====== Task inputs

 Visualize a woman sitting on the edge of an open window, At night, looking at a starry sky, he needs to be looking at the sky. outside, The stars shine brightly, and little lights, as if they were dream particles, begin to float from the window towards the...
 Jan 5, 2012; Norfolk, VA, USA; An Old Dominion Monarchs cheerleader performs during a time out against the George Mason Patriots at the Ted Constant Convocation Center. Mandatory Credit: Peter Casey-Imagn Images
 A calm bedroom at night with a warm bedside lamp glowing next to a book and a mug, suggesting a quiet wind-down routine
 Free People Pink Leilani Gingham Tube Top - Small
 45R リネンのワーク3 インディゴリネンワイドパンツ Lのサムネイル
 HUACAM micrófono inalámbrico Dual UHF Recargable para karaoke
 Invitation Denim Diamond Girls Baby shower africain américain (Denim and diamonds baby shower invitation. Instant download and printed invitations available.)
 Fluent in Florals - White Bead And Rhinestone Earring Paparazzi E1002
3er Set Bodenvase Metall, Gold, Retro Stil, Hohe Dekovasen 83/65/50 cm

============

Word for word, restate every record in the listing.

Exercise output:
 Visualize a woman sitting on the edge of an open window, At night, looking at a starry sky, he needs to be looking at the sky. outside, The stars shine brightly, and little lights, as if they were dream particles, begin to float from the window towards the...
 Jan 5, 2012; Norfolk, VA, USA; An Old Dominion Monarchs cheerleader performs during a time out against the George Mason Patriots at the Ted Constant Convocation Center. Mandatory Credit: Peter Casey-Imagn Images
 A calm bedroom at night with a warm bedside lamp glowing next to a book and a mug, suggesting a quiet wind-down routine
 Free People Pink Leilani Gingham Tube Top - Small
 45R リネンのワーク3 インディゴリネンワイドパンツ Lのサムネイル
 HUACAM micrófono inalámbrico Dual UHF Recargable para karaoke
 Invitation Denim Diamond Girls Baby shower africain américain (Denim and diamonds baby shower invitation. Instant download and printed invitations available.)
 Fluent in Florals - White Bead And Rhinestone Earring Paparazzi E1002
3er Set Bodenvase Metall, Gold, Retro Stil, Hohe Dekovasen 83/65/50 cm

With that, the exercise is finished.